Three decades ago the South Yorkshire landscape was still dominated by coal mines and steel works – some still operational, many not – but the face of the region was about to change.
Regeneration and environmental restoration would take time as collieries closed but left behind huge swathes of land contaminated by hydrocarbons, oils, metals and waste materials, which needed to be cleared and treated.
Eventually much of the land was repurposed as nature reserves, residential developments and business parks.
New environmental challenges were to emerge with the growth of huge call centres, which store, process and distribute vast amounts of digital data and information to support modern business.
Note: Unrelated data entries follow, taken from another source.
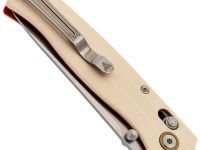 Складной нож SRM Medal 255L-GT2, сталь 10Cr15CoMoV, складной туристический, рукоять G10 ivory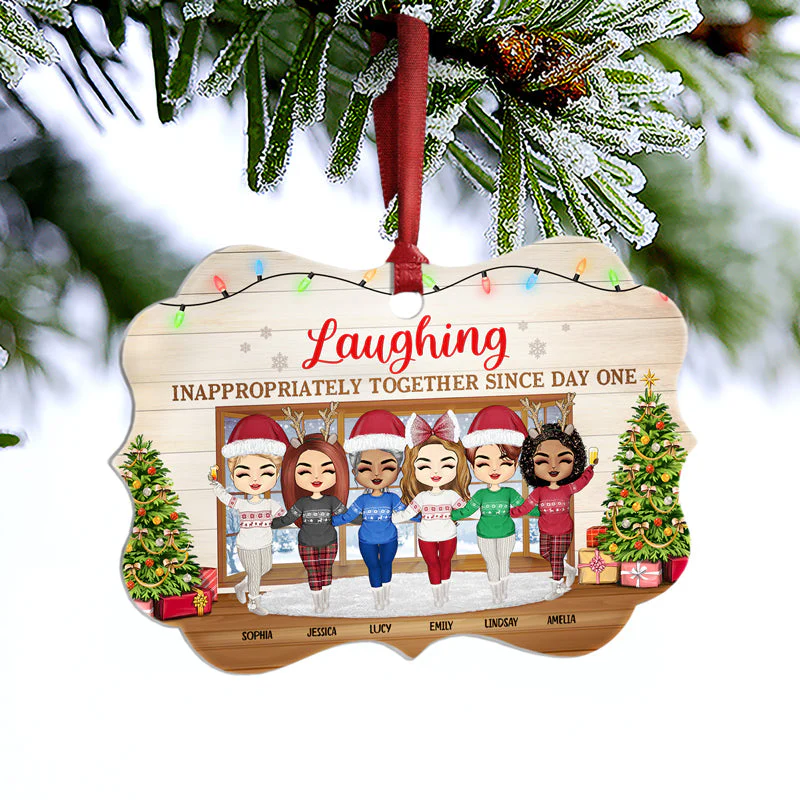 Work Made Us Colleagues - Christmas Gift For Co-worker and BFF - Personalized Custom Aluminum Ornament - Image 3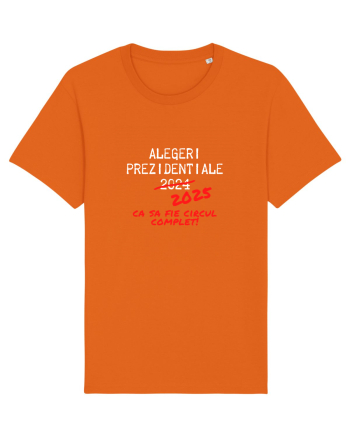 Alegeri Prezidentiale Bright Orange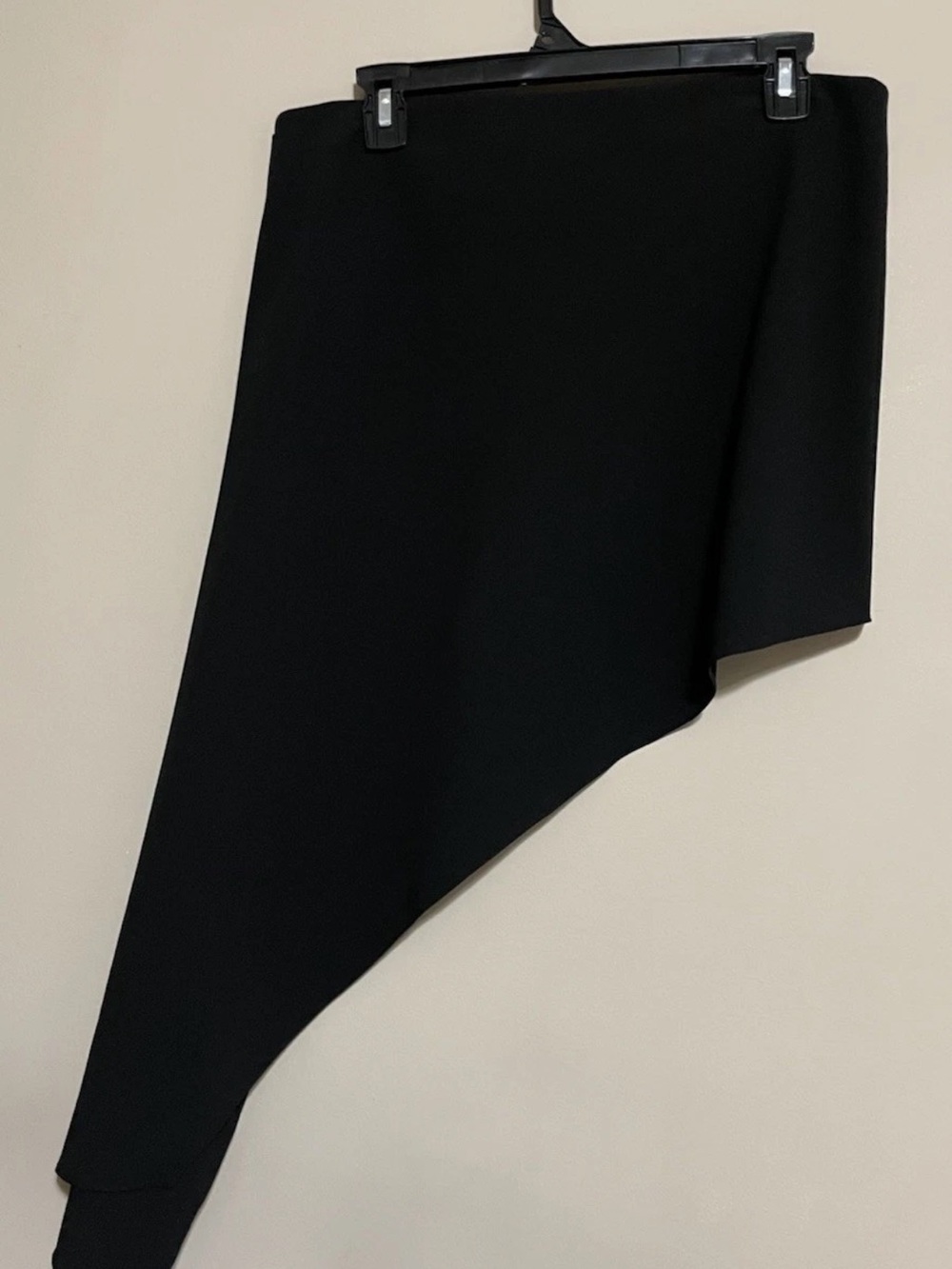 ZARA NWT Asymmetrical Black Mini Midi Skirt Side Button Avant-Garde Size L - Picture 4 of 11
Emissions now came from electricity consumption for power and cooling, embodied carbon from manufacturing IT equipment, and water usage for cooling systems.
Now, increasing demand for digital services such as AI is expected to significantly raise these greenhouse gas emissions with electricity consumption in some data centres potentially quadrupling by 2030.
The manufacturing, transportation, and disposal of IT equipment and infrastructure for data centres create embodied emissions.
Cooling systems consume large volumes of water, and the treatment and transportation of this water also generate emissions, while servers create heat.
The rapid turnover of equipment also leads to a growing problem of electronic waste, which has its own environmental footprint.
As energy demands for these data centres grow, many are worried that carbon emissions will, too.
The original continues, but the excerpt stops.